Sony Closes PlayStation Now On Most Devices

PlayStation Now, Sony's Netflix-like game streaming service, will be no longer work on most of its currently supported devices, Sony announced today.

As described in Sony's official press statement, PlayStation Now service will end for 2016 Sony Bravia TVs on April 1, 2017. On August 15, 2017, PS Now will close its doors on PlayStation 3, PlayStation TV, Vita, earlier Sony TV models, Sony Blu-Ray players, and Samsung televisions. PlayStation Now will continue to run on on PlayStation 4 consoles and Windows PCs for the forseeable future.
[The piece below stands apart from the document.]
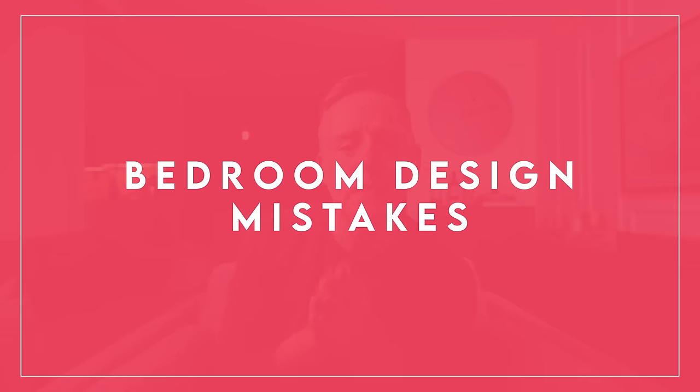Hi everyone, it's Nick. Welcome or welcome back to my channel. In this video today we are going to be talking about bedroom design mistakes — the problems that I see that people do in their bedroom, to which there are many, so buckle in. I did living room, kitchen, and bathroom design mistakes and a whole series on it, and I'll link to those at the end of this video.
In the official news post, Brian Dunn, Sony Interactive's senior marketing manager, says, "After thoughtful consideration, we decided to shift our focus and resources to PS4 and Windows PC to further develop and improve the user experience on these two devices." PlayStation Now save files currently stored on Sony's servers can be downloaded to both PCs and PS4 consoles, in case any current subscribers want to continue playing their PS Now games on other platforms.

The official announcement doesn't mention whether or not subscribers will receive refunds if they've paid in advance for service on one of the affected devices, although Dunn warns that users should pay attention to their automatic subscription renewals. Unlimited access to PlayStation Now's complete library costs $19.99 a month or $44.99 for three months. Games can also be rented individually in four-hour, seven-day, and one-to-three-month increments.


PlayStation Now launched in January, 2015, and gives subscribers access to over 450 PlayStation 3 games. Instead of downloading those games directly to devices, users play PlayStation Now's offerings by streaming games from a central server, meaning that the quality of gameplay is somewhat dependent on your Internet connection.

Despite these setbacks PlayStation Now remains one of the features that could give the PS4 an edge over its primary competitor, the Xbox One, in the long term—despite a rocky launch, more recent reviews have been fairly positive, provided you're not a stickler for HD graphics and don't mind the occasional stutter or visual hiccup.